Seiring perkembangan zaman, budaya mendongeng kian tergerus oleh kebiasaan bermedia sosial menggunakan gawai. Slamet Nugroho berupaya untuk menumbuhkan kembali budaya itu di Bumi Sriwijaya.
Oleh
RHAMA PURNA JATI
·4 menit baca
Seiring perkembangan zaman, budaya mendongeng kian tergerus oleh kebiasaan bermedia sosial menggunakan gawai. Padahal, seni dongeng diyakini mampu merekatkan hubungan antara orangtua dan anak serta menumbuhkan rasa empati dalam diri anak sejak dini. Karena itulah, Slamet Nugroho (46) punya kerinduan untuk kembali menanamkan tradisi mendongeng di Bumi Sriwijaya. Berkat usahanya itu, sejumlah pendongeng andal asal Sumsel bermunculan.
Slamet yang akrab disapa Kak Inug tengah berbincang dengan Mbah Jarwo, di Taman Budaya Sumatera Selatan di kawasan Jakabaring, Palembang, Kamis (25/8/2022). Mbah Jarwo bukan manusia, melainkan boneka yang seolah hidup dengan seni ventriloquism, yakni seni mengolah suara perut.

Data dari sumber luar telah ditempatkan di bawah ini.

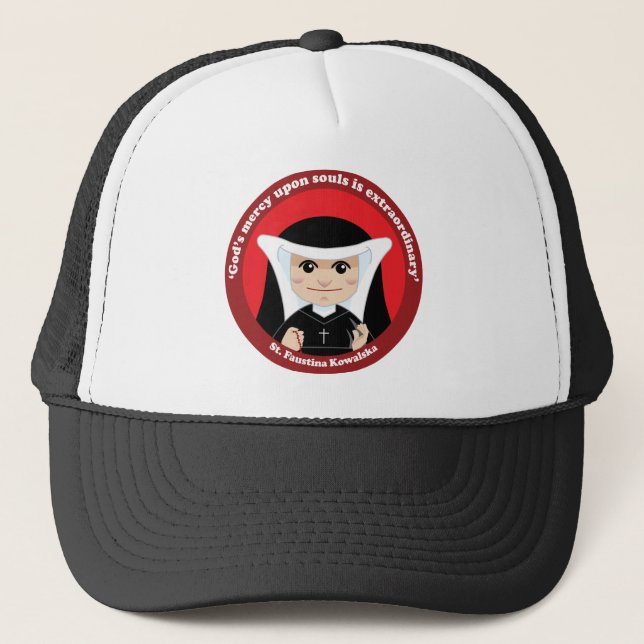 St. Faustina Kowalska Trucker Hat (Front)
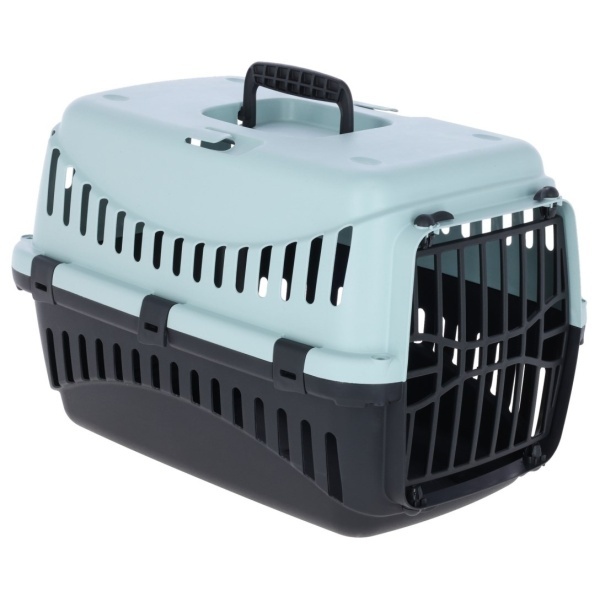 Cusca transport plastic - Bordo - 45 x 30 x 30 cm - Albastru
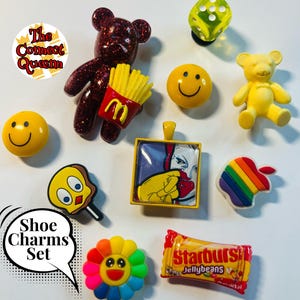 Mc D Theme Shoe Charms Set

Ini membuat Inug mampu meyakinkan orang bahwa ia bisa benar-benar sedang berbincang-bincang dengan bonekanya.
Kemampuan ventriloquism Inug asah sejak 2007. Seni ini digunakan sebagai pelengkap ketika ia sedang mendongeng. Tidak hanya Mbah Jarwo, Inug juga memiliki karakter boneka lain, yakni Cika dan Ciko.
Inug menjadi pendongeng sejak masih berkuliah di Jurusan Sastra Inggris Universitas Negeri Sebelas Maret Surakarta (UNS). Dia menjadi guru dongeng di sebuah Taman Kanak-Kanak di Yogyakarta.

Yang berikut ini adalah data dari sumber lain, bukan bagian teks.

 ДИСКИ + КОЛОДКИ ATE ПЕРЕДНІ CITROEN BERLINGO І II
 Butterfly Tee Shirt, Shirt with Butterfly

Di sana, dia menceritakan berbagai dongeng kepada anak-anak untuk kelas pembentukan karakter, seperti menumbuhkan kepercayaan diri, menanamkan empati, serta menciptakan imajinasi. ”Mendongeng adalah cara yang tepat untuk membangun relasi antara saya dan murid,” katanya.
Kecintaan Inug pada dongeng tumbuh saat ia masih kecil. Kala itu, sang kakek selalu menceritakan dongeng pengantar tidur untuknya. ”Setiap malam, kakek selalu mendongeng sampai saya terlelap.”

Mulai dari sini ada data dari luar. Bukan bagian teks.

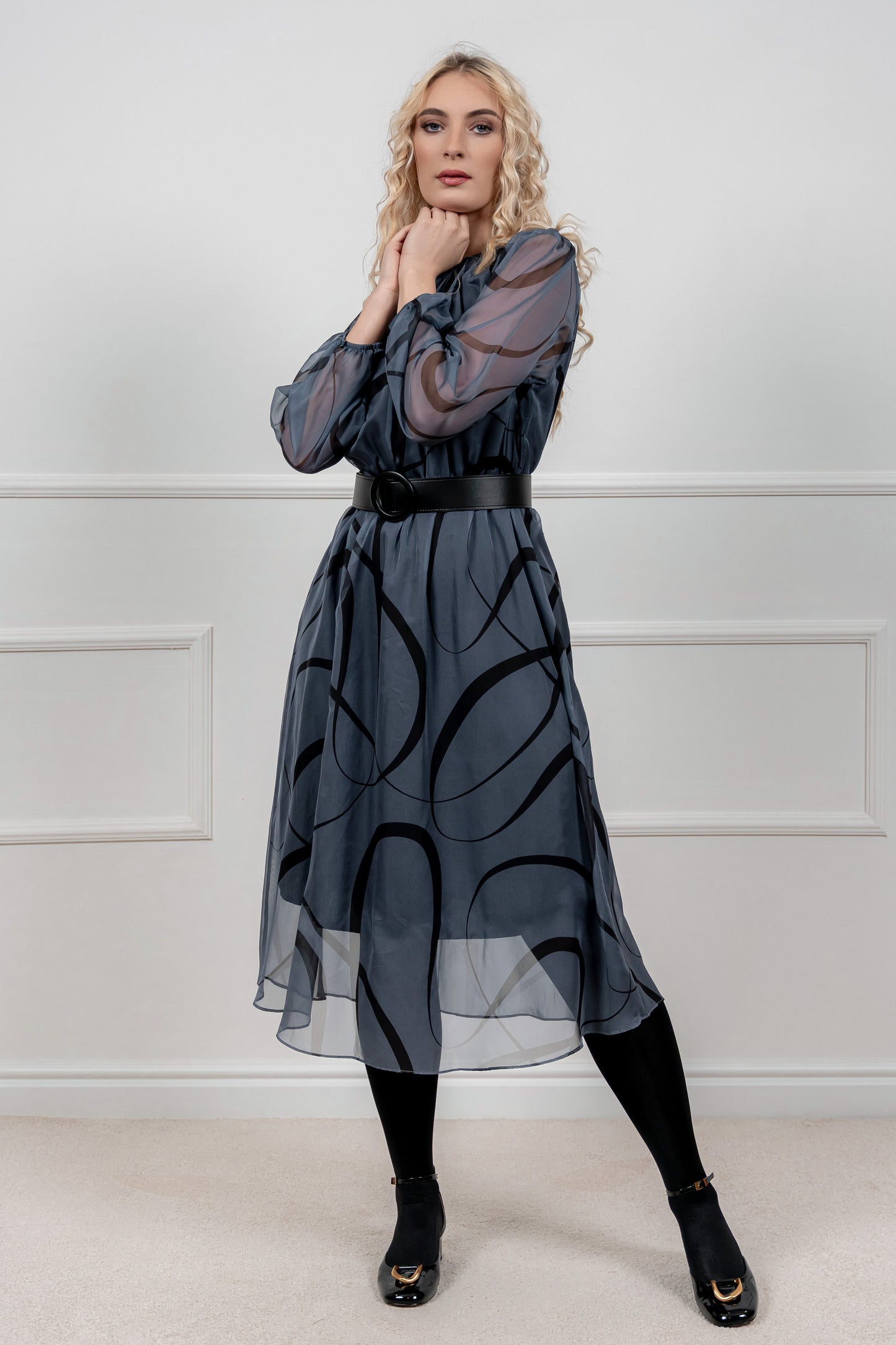 Zoe - siva haljina sa remenom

Minatnya pada dongeng ia lengkapi dengan melakoni seni peran, yakni ketoprak kala duduk di sekolah menengah pertama. Karena yakin akan bakatnya di bidang seni, Inug ingin melanjutkan pendidikan di Sekolah Menengah Kejuruan Jurusan Seni Karawitan. Namun, keinginan itu ditentang ayahnya, Subagjo.
Sang ayahnya menganggap menjadi seniman tidak bisa diandalkan sebagai pegangan hidup. Akhirnya, atas kemauan sang ayah, Inug masuk Sekolah Teknik Mesin (STM). ”Saya memang bersekolah di STM, tetapi hati saya tidak di sana,” kenangnya.
Seiring waktu, sang ayah merasakan minat anaknya untuk berkesenian sangat kuat. Ia menitipkan Inug pada seorang guru teater bernama Sutopo alias Pak Topo. ”Dari beliau saya tahu bagaimana seni teater secara lengkap,” ucapnya.
Tahun 2005, Inug, hijrah ke Palembang untuk mengajar pembangunan karakter di salah satu sekolah internasional selama 10 tahun. Seperti saat di Yogyakarta, ia menggunakan metode bercerita dan mendongeng ketika berinteraksi dengan anak didiknya. Menurut dia, daya serap siswa akan lebih kuat saat mendengar dongeng daripada mendengar ceramah guru atau menghapal.
Suatu ketika, ia menemukan seorang siswa yang tidak mau makan nasi. Dia hanya makan mi. Inug kemudian menceritakan sebuah dongeng yang terkait dengan kebiasaan itu. ”Besokannya, orangtua murid berterima kasih pada saya karena anaknya mau makan nasi.”
Kemampuan Inug mendongeng segera terbesar luas saat ia menyabet Piagam dari Menteri Pendidikan untuk Guru Pendidikan Anak Usia Dini (PAUD) Terbaik II pada 2008 mewakili Sumatera Selatan. Sejak saat itu, tawaran untuk menjadi juri dan narasumber di berbagai lomba dan seminar terus berdatangan.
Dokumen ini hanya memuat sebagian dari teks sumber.